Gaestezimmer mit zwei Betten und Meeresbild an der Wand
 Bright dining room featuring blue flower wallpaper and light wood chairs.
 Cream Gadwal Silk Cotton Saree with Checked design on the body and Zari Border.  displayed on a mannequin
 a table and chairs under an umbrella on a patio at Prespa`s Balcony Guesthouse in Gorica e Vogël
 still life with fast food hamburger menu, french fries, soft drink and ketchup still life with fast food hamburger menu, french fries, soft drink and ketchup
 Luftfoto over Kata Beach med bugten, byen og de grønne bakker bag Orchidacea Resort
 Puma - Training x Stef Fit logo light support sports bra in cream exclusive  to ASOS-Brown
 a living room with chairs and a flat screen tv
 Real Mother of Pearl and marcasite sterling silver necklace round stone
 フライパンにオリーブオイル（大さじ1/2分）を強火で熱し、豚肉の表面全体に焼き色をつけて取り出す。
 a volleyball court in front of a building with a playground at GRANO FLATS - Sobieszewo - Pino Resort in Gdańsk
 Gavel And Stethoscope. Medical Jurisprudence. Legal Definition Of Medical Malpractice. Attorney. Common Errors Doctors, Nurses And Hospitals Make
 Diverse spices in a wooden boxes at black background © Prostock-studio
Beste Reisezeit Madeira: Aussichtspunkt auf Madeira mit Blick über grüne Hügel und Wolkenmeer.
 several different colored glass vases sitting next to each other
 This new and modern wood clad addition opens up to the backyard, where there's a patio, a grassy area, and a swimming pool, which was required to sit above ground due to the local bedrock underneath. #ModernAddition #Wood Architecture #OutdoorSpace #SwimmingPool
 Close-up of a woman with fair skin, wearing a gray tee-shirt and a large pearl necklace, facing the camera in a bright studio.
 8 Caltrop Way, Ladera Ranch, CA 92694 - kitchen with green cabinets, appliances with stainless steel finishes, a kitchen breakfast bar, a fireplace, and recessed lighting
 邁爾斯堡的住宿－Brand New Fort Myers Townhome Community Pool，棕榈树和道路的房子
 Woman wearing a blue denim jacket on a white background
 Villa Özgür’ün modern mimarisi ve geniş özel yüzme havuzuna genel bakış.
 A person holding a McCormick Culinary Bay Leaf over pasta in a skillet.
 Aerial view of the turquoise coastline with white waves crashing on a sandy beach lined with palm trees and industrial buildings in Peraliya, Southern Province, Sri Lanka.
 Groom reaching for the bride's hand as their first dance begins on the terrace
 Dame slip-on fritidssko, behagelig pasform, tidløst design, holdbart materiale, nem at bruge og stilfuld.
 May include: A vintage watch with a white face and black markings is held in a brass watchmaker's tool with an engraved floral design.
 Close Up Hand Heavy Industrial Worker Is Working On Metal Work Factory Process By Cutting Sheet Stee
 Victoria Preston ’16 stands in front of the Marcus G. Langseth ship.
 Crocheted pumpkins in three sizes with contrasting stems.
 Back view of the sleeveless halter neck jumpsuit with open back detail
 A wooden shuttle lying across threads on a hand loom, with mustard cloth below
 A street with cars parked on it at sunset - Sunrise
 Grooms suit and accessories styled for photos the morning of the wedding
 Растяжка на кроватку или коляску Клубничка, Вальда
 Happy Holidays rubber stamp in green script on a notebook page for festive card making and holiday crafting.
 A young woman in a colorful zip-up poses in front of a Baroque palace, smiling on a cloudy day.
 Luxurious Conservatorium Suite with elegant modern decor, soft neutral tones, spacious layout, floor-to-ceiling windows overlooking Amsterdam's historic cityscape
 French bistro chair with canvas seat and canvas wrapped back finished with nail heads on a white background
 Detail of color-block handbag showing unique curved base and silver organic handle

Exercise directions: Print all the material, keeping every line identical to the original.

Output for this task:
Gaestezimmer mit zwei Betten und Meeresbild an der Wand
 Bright dining room featuring blue flower wallpaper and light wood chairs.
 Cream Gadwal Silk Cotton Saree with Checked design on the body and Zari Border.  displayed on a mannequin
 a table and chairs under an umbrella on a patio at Prespa`s Balcony Guesthouse in Gorica e Vogël
 still life with fast food hamburger menu, french fries, soft drink and ketchup still life with fast food hamburger menu, french fries, soft drink and ketchup
 Luftfoto over Kata Beach med bugten, byen og de grønne bakker bag Orchidacea Resort
 Puma - Training x Stef Fit logo light support sports bra in cream exclusive  to ASOS-Brown
 a living room with chairs and a flat screen tv
 Real Mother of Pearl and marcasite sterling silver necklace round stone
 フライパンにオリーブオイル（大さじ1/2分）を強火で熱し、豚肉の表面全体に焼き色をつけて取り出す。
 a volleyball court in front of a building with a playground at GRANO FLATS - Sobieszewo - Pino Resort in Gdańsk
 Gavel And Stethoscope. Medical Jurisprudence. Legal Definition Of Medical Malpractice. Attorney. Common Errors Doctors, Nurses And Hospitals Make
 Diverse spices in a wooden boxes at black background © Prostock-studio
Beste Reisezeit Madeira: Aussichtspunkt auf Madeira mit Blick über grüne Hügel und Wolkenmeer.
 several different colored glass vases sitting next to each other
 This new and modern wood clad addition opens up to the backyard, where there's a patio, a grassy area, and a swimming pool, which was required to sit above ground due to the local bedrock underneath. #ModernAddition #Wood Architecture #OutdoorSpace #SwimmingPool
 Close-up of a woman with fair skin, wearing a gray tee-shirt and a large pearl necklace, facing the camera in a bright studio.
 8 Caltrop Way, Ladera Ranch, CA 92694 - kitchen with green cabinets, appliances with stainless steel finishes, a kitchen breakfast bar, a fireplace, and recessed lighting
 邁爾斯堡的住宿－Brand New Fort Myers Townhome Community Pool，棕榈树和道路的房子
 Woman wearing a blue denim jacket on a white background
 Villa Özgür’ün modern mimarisi ve geniş özel yüzme havuzuna genel bakış.
 A person holding a McCormick Culinary Bay Leaf over pasta in a skillet.
 Aerial view of the turquoise coastline with white waves crashing on a sandy beach lined with palm trees and industrial buildings in Peraliya, Southern Province, Sri Lanka.
 Groom reaching for the bride's hand as their first dance begins on the terrace
 Dame slip-on fritidssko, behagelig pasform, tidløst design, holdbart materiale, nem at bruge og stilfuld.
 May include: A vintage watch with a white face and black markings is held in a brass watchmaker's tool with an engraved floral design.
 Close Up Hand Heavy Industrial Worker Is Working On Metal Work Factory Process By Cutting Sheet Stee
 Victoria Preston ’16 stands in front of the Marcus G. Langseth ship.
 Crocheted pumpkins in three sizes with contrasting stems.
 Back view of the sleeveless halter neck jumpsuit with open back detail
 A wooden shuttle lying across threads on a hand loom, with mustard cloth below
 A street with cars parked on it at sunset - Sunrise
 Grooms suit and accessories styled for photos the morning of the wedding
 Растяжка на кроватку или коляску Клубничка, Вальда
 Happy Holidays rubber stamp in green script on a notebook page for festive card making and holiday crafting.
 A young woman in a colorful zip-up poses in front of a Baroque palace, smiling on a cloudy day.
 Luxurious Conservatorium Suite with elegant modern decor, soft neutral tones, spacious layout, floor-to-ceiling windows overlooking Amsterdam's historic cityscape
 French bistro chair with canvas seat and canvas wrapped back finished with nail heads on a white background
 Detail of color-block handbag showing unique curved base and silver organic handle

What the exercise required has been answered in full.